»»

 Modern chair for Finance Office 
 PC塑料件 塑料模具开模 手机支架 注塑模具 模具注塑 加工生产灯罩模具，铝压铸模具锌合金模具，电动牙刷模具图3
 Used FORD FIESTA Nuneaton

««
»»

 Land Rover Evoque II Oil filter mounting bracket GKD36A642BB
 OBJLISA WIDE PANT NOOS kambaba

««
»»

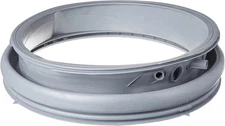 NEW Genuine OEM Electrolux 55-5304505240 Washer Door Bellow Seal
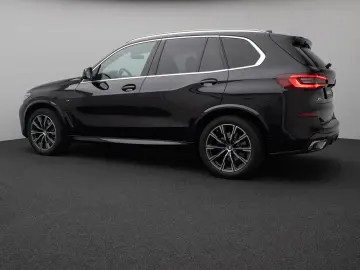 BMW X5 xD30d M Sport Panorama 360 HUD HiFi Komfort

««

What to do:
Everything starting at the line containing "PC塑料件 塑料模具开模 手机支架" and ending at the line containing "Used FORD FIESTA Nuneaton" in the records above should be repeated exactly, and only that.

Answer to the problem:
 PC塑料件 塑料模具开模 手机支架 注塑模具 模具注塑 加工生产灯罩模具，铝压铸模具锌合金模具，电动牙刷模具图3
 Used FORD FIESTA Nuneaton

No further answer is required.